Así fue que me decidí y me senté frente a una computadora 286 que debía compartir con otras quince personas; tecleé como un demente durante días y madrugadas en un Word for DOS primitivo; calculé mis tablas en LOTUS 1-2-3, grafiqué mis tendencias en Harvard Graphics, y logré al fin escribir un par de artículos en un inglés de espanto, que tiempo después hizo desternillarse de risa a una californiana hippie-new-age que se ganaba la vida traduciendo al inglés nuestro inglés.
Ya con mis textos listos, discutidos, y sancionados por un pomposo consejo científico, busqué en bibliotecas y centros de información las direcciones de un par de revistas especializadas; indagué, conversé, me informé y, cuando ya pensaba que tenía todo listo, alguien me preguntó en tono compasivo si yo sabía que para publicar “allá afuera” había que pagar.
En esa época yo todavía no conocía los entresijos de las publicaciones científicas, pues en la era pre-internet, en Cuba, todo era a nivel de “dicen que…”, con lo cual resultaba muy difícil tener la información adecuada. “No…”, le respondí a la persona, mientras un cubo de agua helada se deslizaba con desagradable lentitud por mi espinazo. Sonrientes me palmearon entonces en el hombro, en una suerte de nice try, kiddo, y engaveté los discos floppy con textos, tablas y gráficos por los años que me llevó poder salir de Cuba, conectarme al fin al mundo exterior y comprobar que, efectivamente, a veces había que pagar. Y que otras no.
Atravesar esa ciénaga que me separaba de mis aspiraciones académicas me tomó casi una década.
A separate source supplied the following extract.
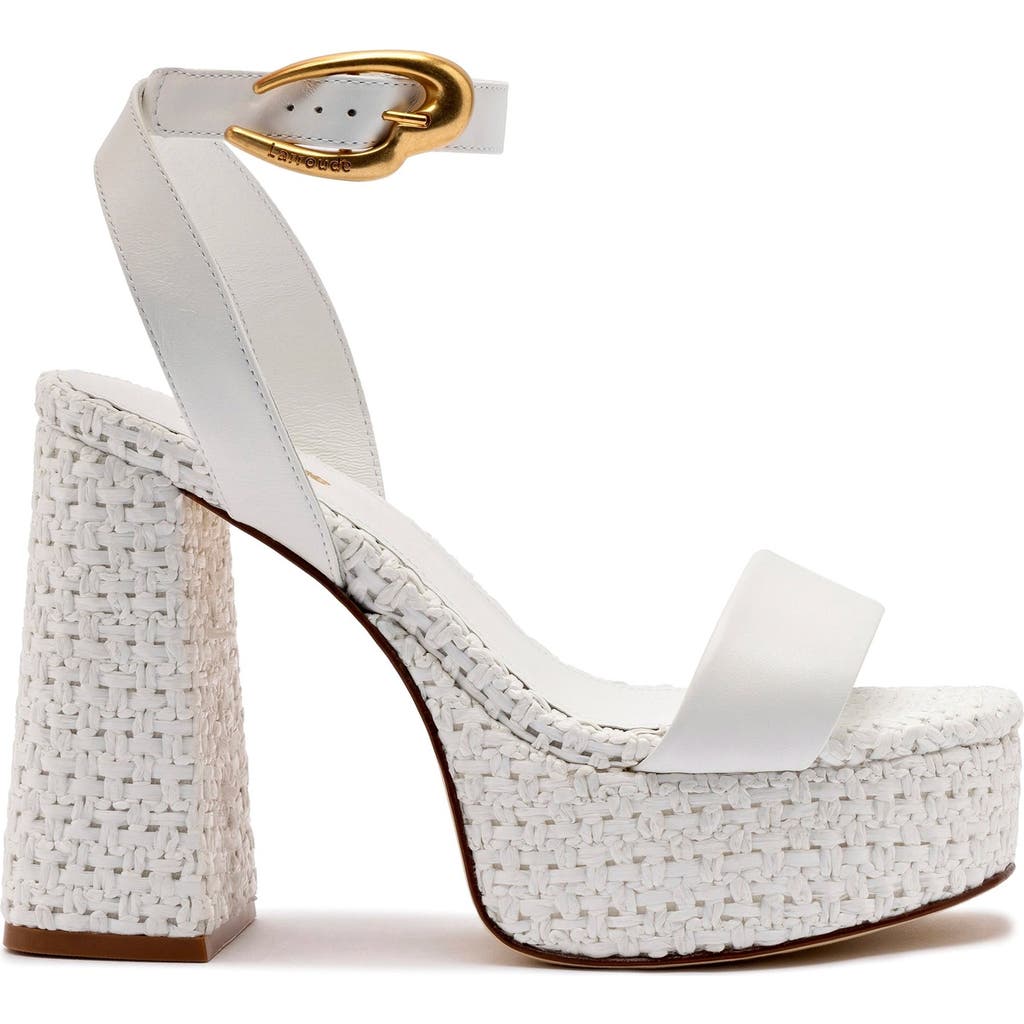 Larroude Larroudé Dolly Verona Sandal In White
Ya en tierra firme, lejos de Cuba, terminé maestría, doctorado y, ¡albricias!, logré por fin publicar aquel par de artículos, ya un poco desactualizados (pero tenía que hacerlo, o reventaba), reeditados en algún Word for Windows, calculados y graficados en Excel, corregidos oportunamente por la americana descalza, artículos que se publicaron en revistas especializadas, tamizados por el peer review, y a los que siguió una decena más. Y lo mejor: todos gratis.
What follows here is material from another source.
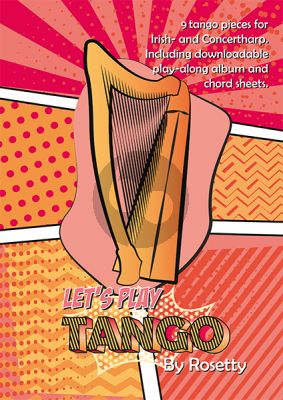 Rosetty Let's play Tango for Harp Book with Download play-along
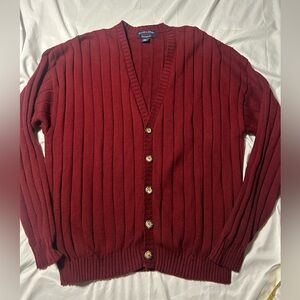 Vtg. Sutter & Grant Clothing Co.  Men’s Burgundy Cardigan Sweater XL Grandpa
Hoy, en mi laptop conectada a WiFi, escribo en este amable y poderoso procesador de texto, después de haber leído en Internet una carta abierta que alguien publicó acerca de las tribulaciones de los artistas gráficos que deben pagar a galerías para que su obra sea exhibida; artistas que crean su arte en el tiempo que les deja libre el trabajo que hacen para ganarse la vida, y a los cuáles les resulta oneroso pagar para que alguien disfrute de su obra y eventualmente la compre. Y me acordé de aquella extensa ciénaga cubana.
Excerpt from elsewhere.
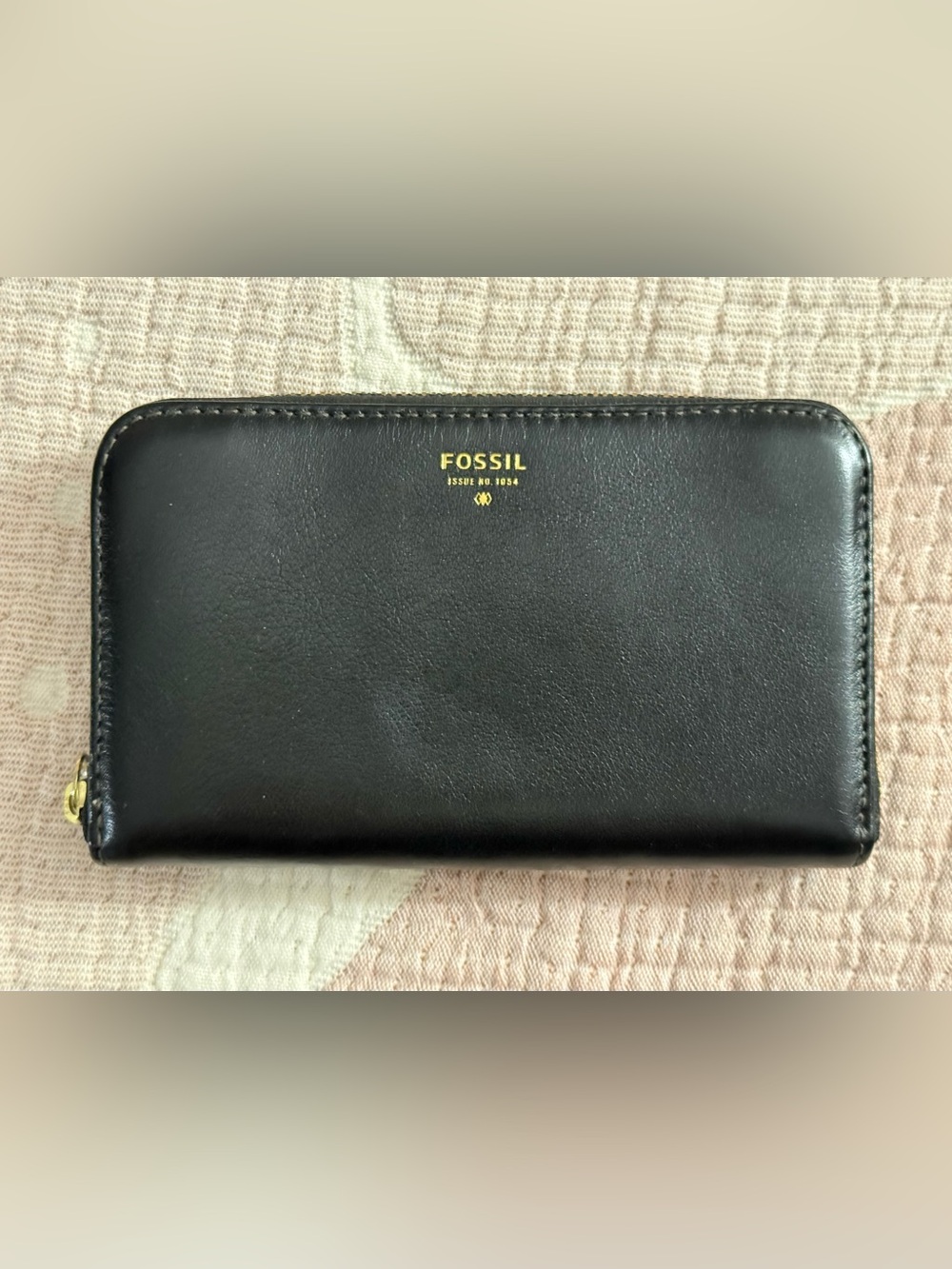 BLACK LEATHER FOSSIL WALLET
Es inobjetable que crear, escribir, es un placer; pero publicar no lo es. Y si bien sigue siendo válido que si no exhibes, si no publicas, no existes, resulta que Keep on trying, es la alternativa correcta a Nice try, kiddo, nice try…
Suerte entonces a todos los creadores que intentan vadear los fanguizales de la realidad. Nos vemos del otro lado.